Johan Galtung, interviewed on DemocracyNow! 17 April 2012, suggests the way to peace in Syria is to establish a federation government, with peacekeeping forces from Islamic countries. This is one of the most helpful commentaries on Syria that I've heard. (I'm swayed by Johan Galtung's reputation as a principal founder of the discipline of peace and conflict studies.) What Johan Galtung is saying here is that if the UN removes Assad and has nothing to offer instead but the probable dictatorship of the Sunni majority, the UN won’t get a ceasefire. 

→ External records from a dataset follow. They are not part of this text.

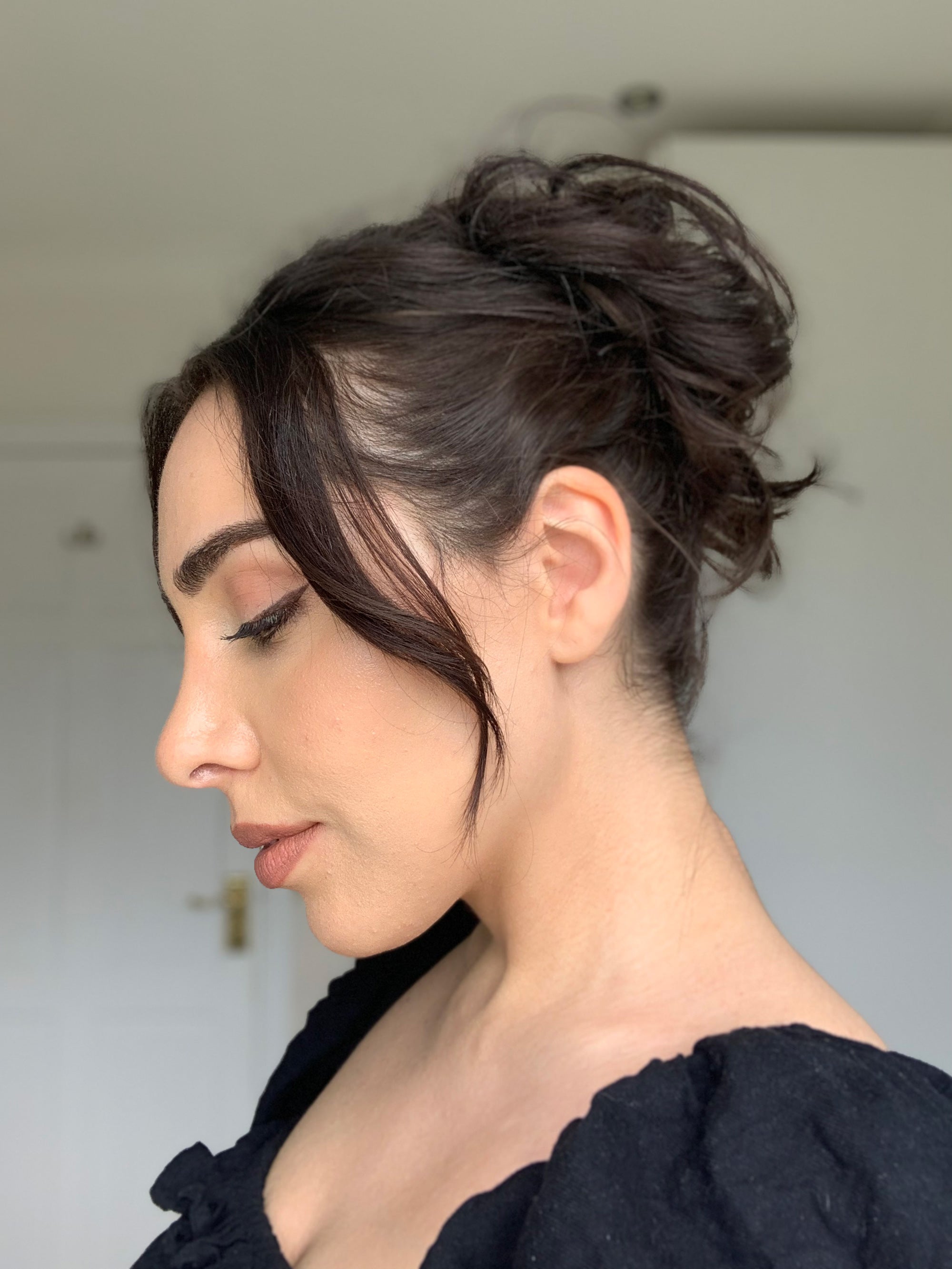 Image of Messy bun with face-framing strands for oval face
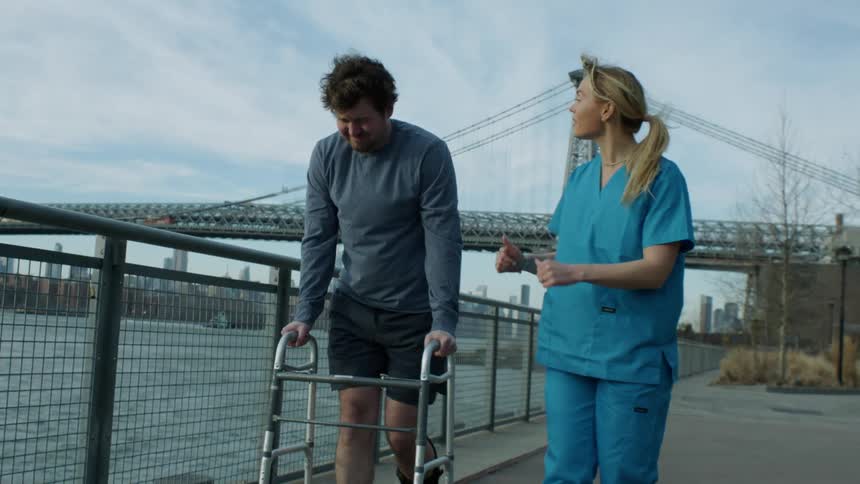 A nurse accompanies and encourages a man attempting to walk with a walker outdoors during the day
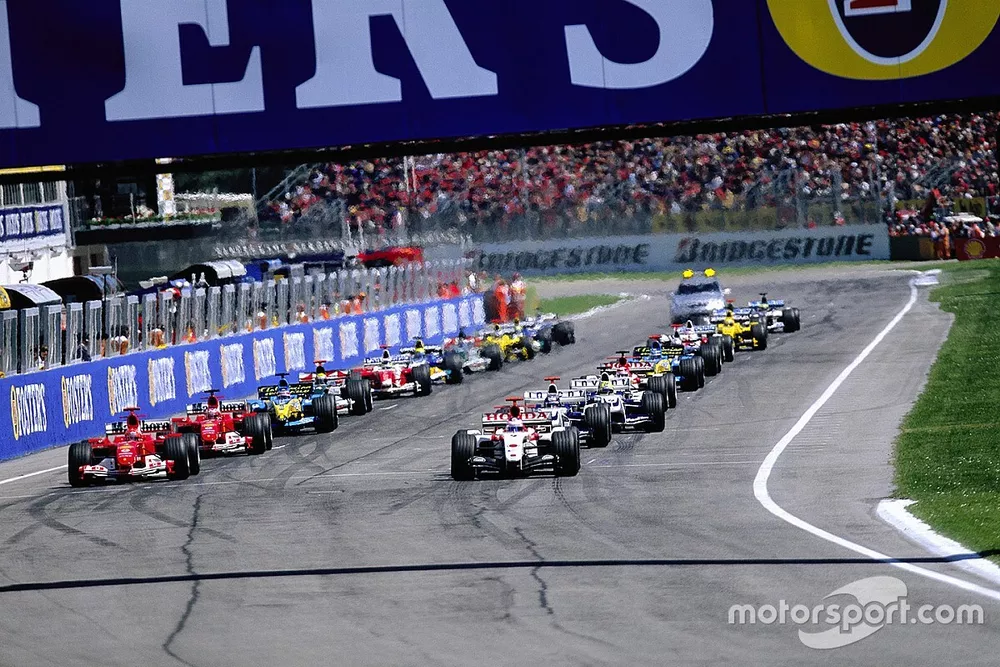 Jenson Button, BAR 006 Honda, pulls away from Michael Schumacher, Ferrari F2004, off the line at the start 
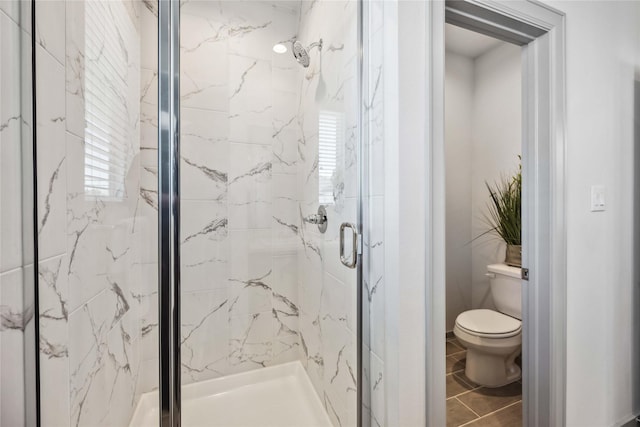 bathroom featuring toilet and walk in shower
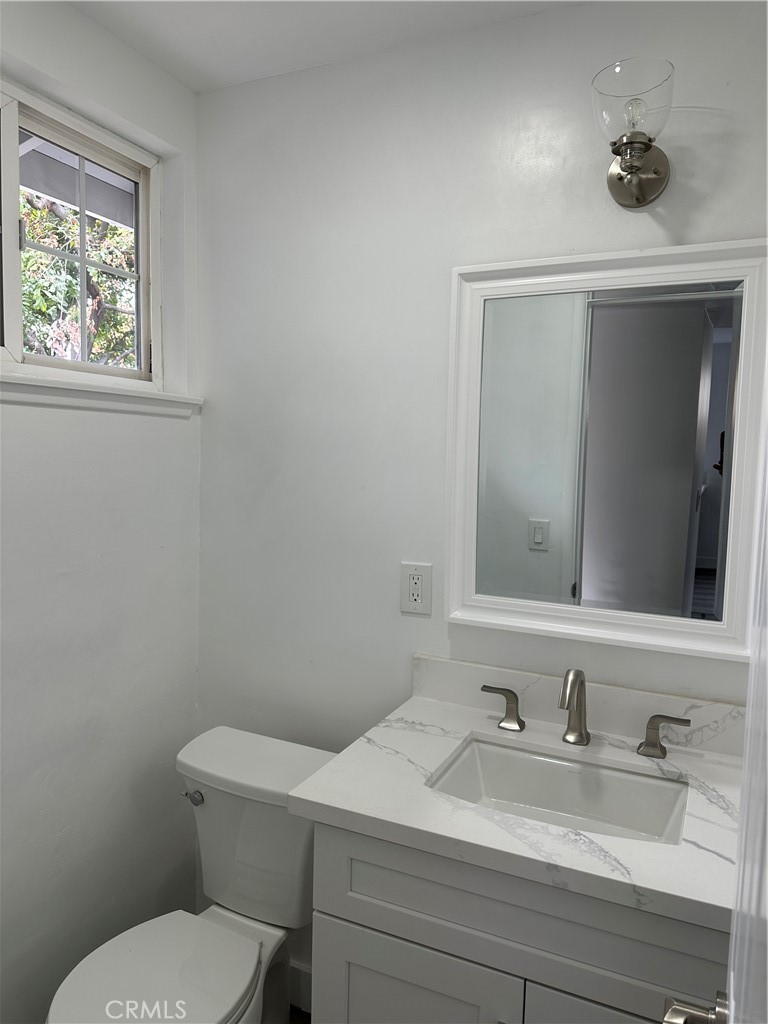 1021 Gaillard Street Azusa, CA 91702 - Photo 5 of 24 a bathroom with a toilet a sink and mirror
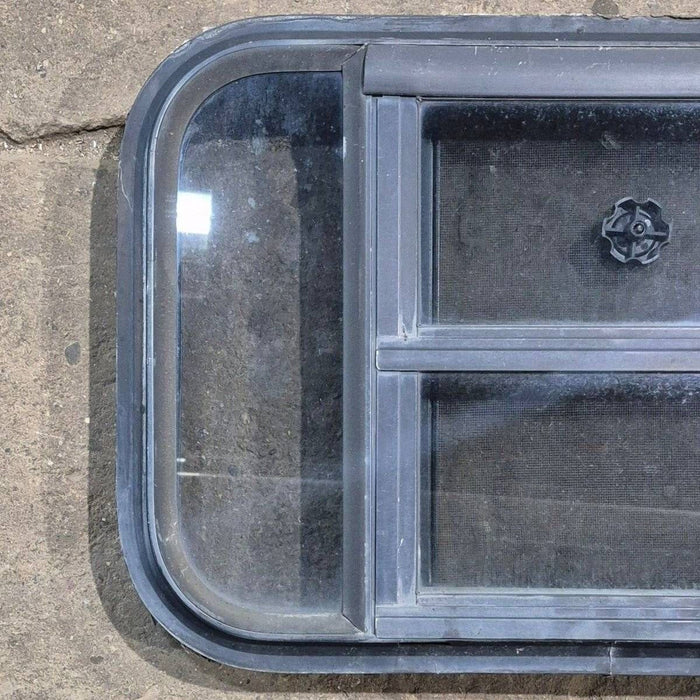 Used Black Radius Opening Window - 23 1/8" X 14 1/2" X 1 7/8"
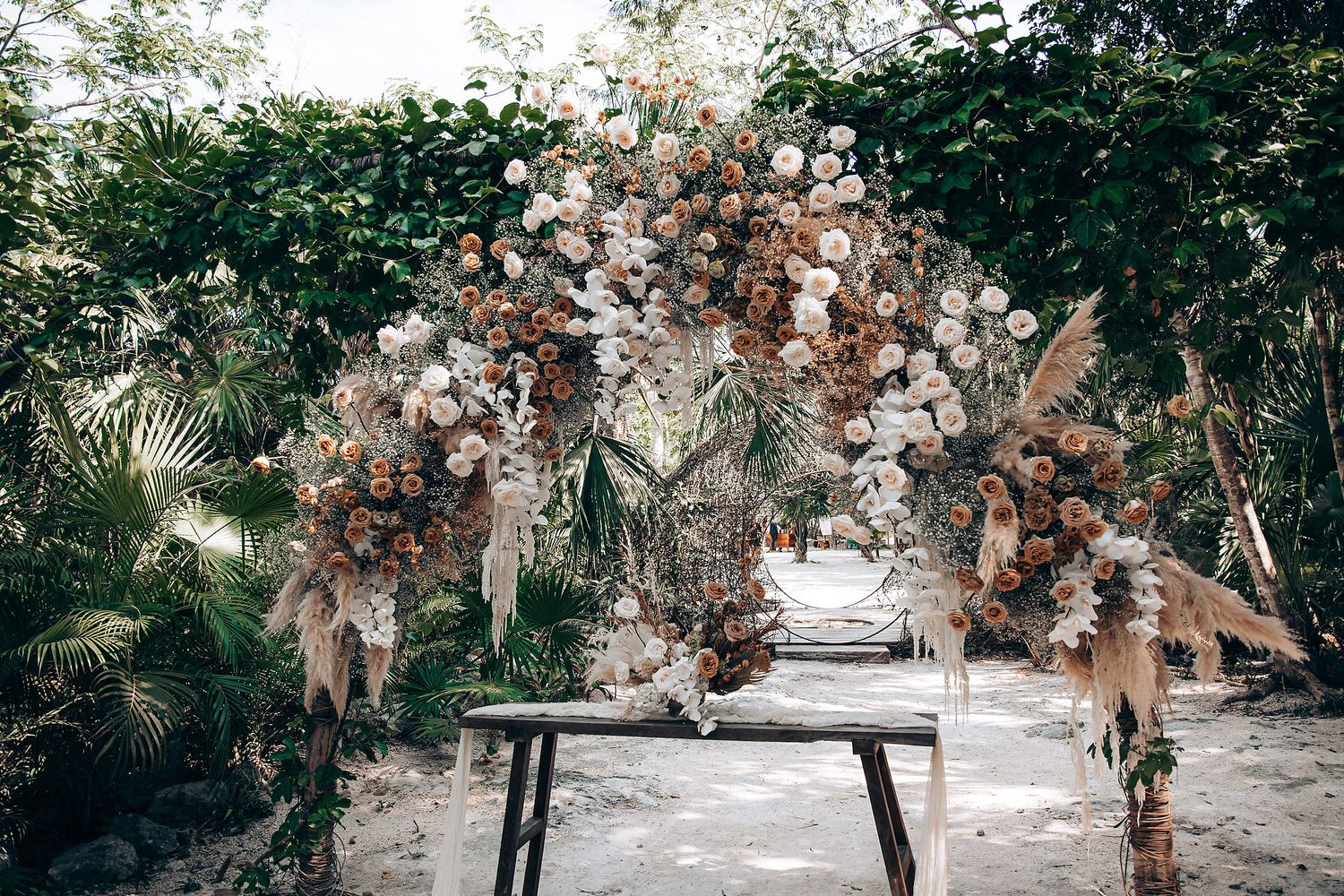A romantic outdoor wedding ceremony setup with white chairs and natural greenery in a garden setting.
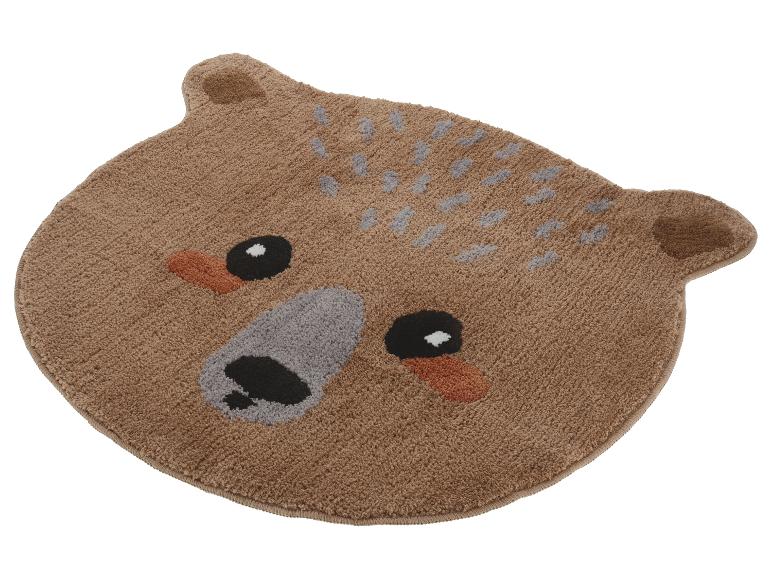 Tapis marron en forme d'ours avec yeux et nez brodés.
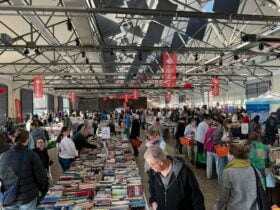 Variety Monster Bookfair tables of books with people looking through them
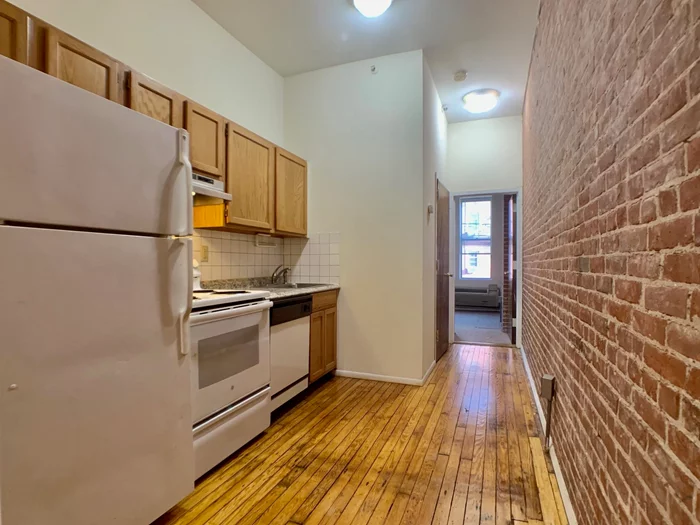 AVAIL 4/1 - Pet Friendly! Sunny 2 Bedroom, 2 Full Bath unit with hardwood floors. Living room includes exposed brick walls, very tall ceilings. Bedrooms are very private, nice kitchen, dishwasher. Laundry in building. Close to shops, restaurants, parks, mass transportation, and nightlife! You don't want to miss this! Pet Friendly! No Security Deposit option with Rhino Insurance.
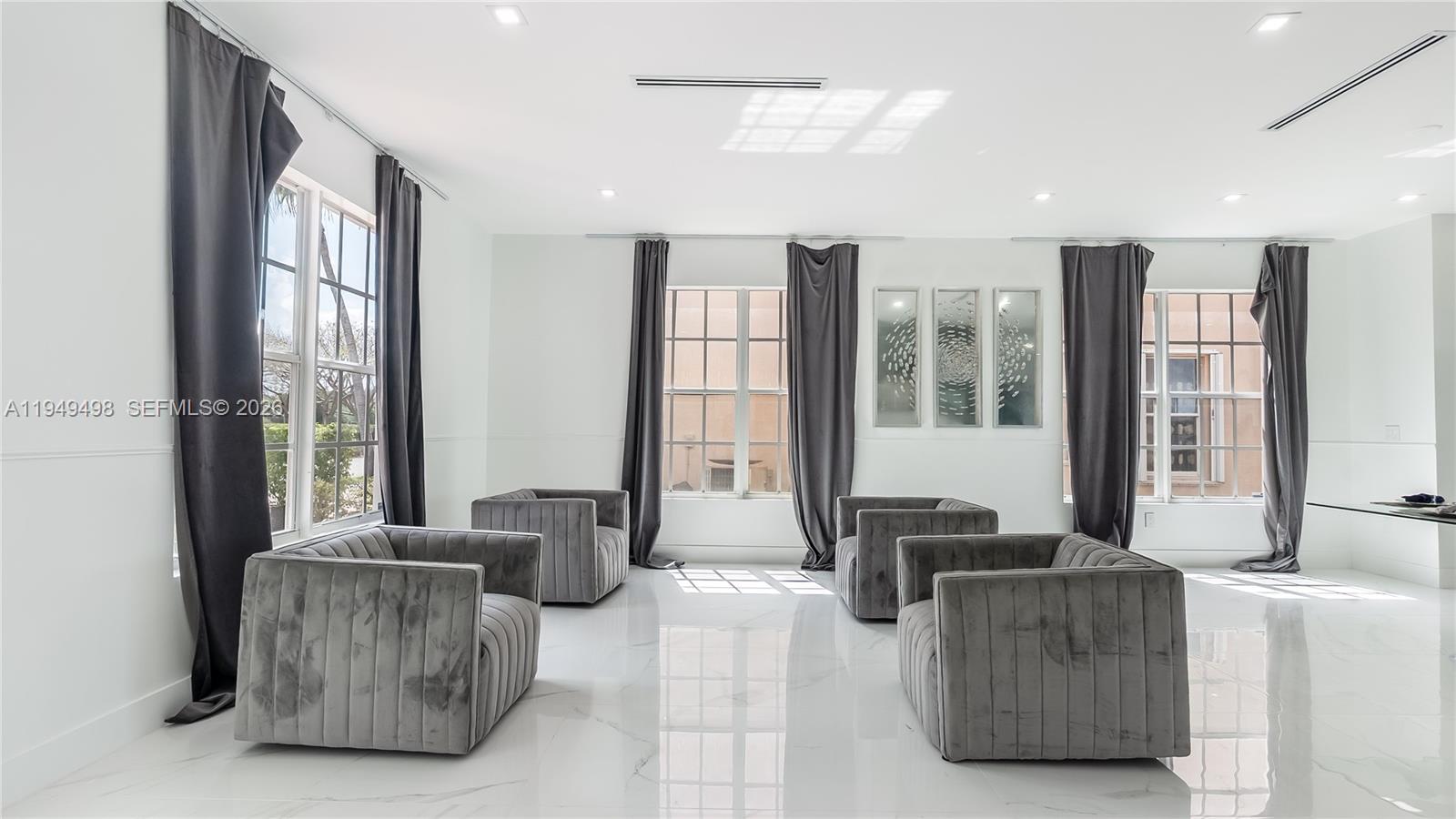 17739 Southwest 54th Street Miramar, FL 33029 - Photo 5 of 47 a living room with furniture and large windows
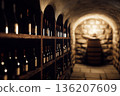 Stone wine cellar with bottle racks and barrel 136207609
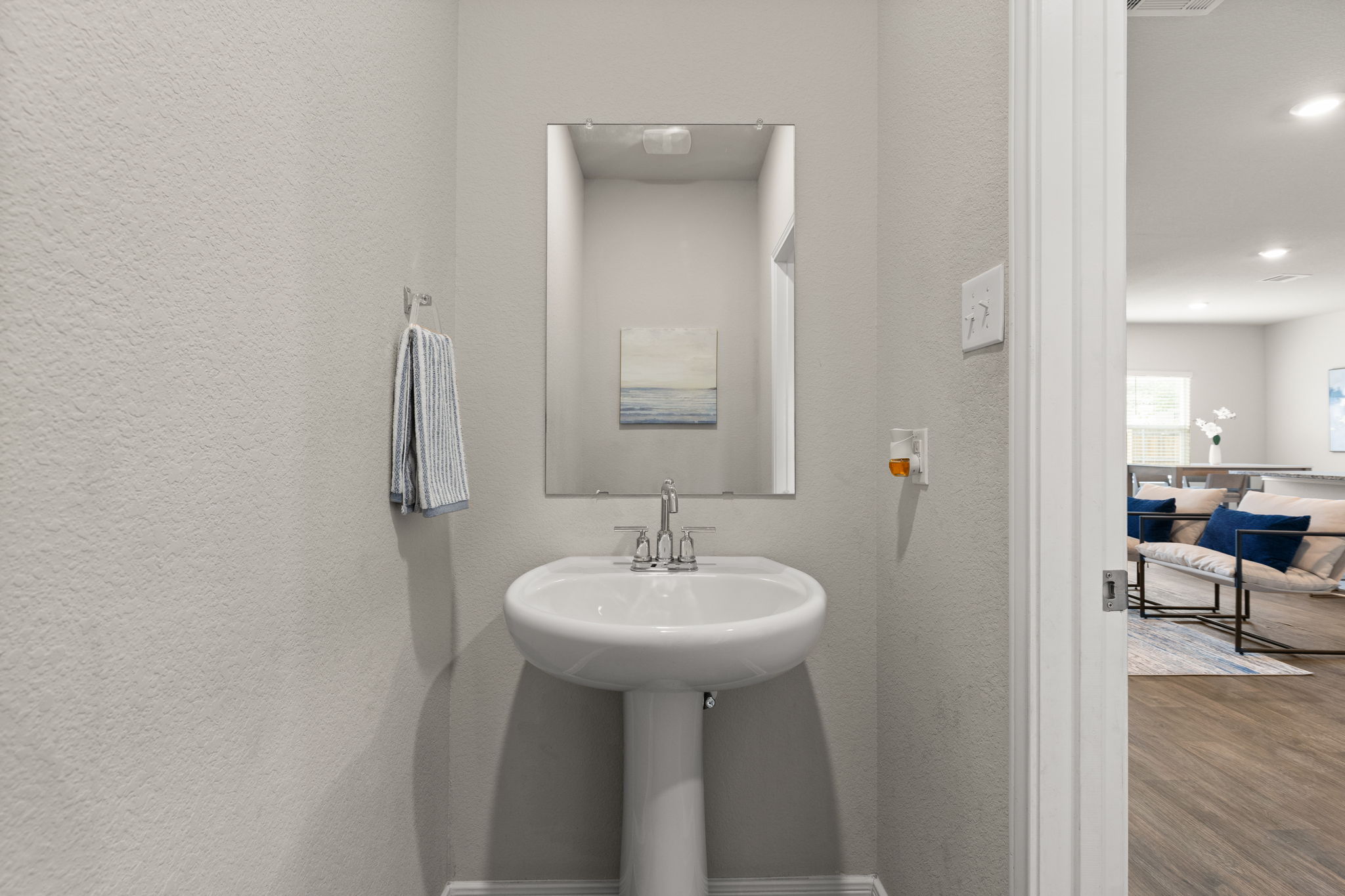 281 Jayden Drive Kyle, TX 78640 - Photo 18 of 36 Pedestal sink with chrome-finish faucet and rectangular mirror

JOHAN GALTUNG: With due respect for Kofi Annan, I think the [U.N. Security Council is] putting the cart before the horse. … [Syria] is run by an Alawite Shia dictatorship, headed by Assad, father and son. It’s a dictatorship. Introduce democracy in that one and let a Sunni majority have the power, it will be a majority dictatorship. The Shias are afraid of it. The Jews are afraid of it. The Christians in Syria are afraid of it. The Kurds are afraid of it. They are scared to death by the prospect of democracy in the sense of the dictatorship of majority. Now, you may try and use a ceasefire, but a ceasefire without any type of solution. And the solution, in my view, would be a federation, a federated Syria. You see, if you have democracy, in the sense of majority rule, in a country with so deep contradictions, with the fault lines so absolutely almost unbridgeable, then the majority rule will be majority dictatorship. And they’re heading in the same direction in Iraq, but there the Shias are in the majority, 61 percent. So then you have two countries—one Sunni, one Shia—neighboring countries. It couldn’t be worse. And this is the outcome of U.S. foreign policy.  ...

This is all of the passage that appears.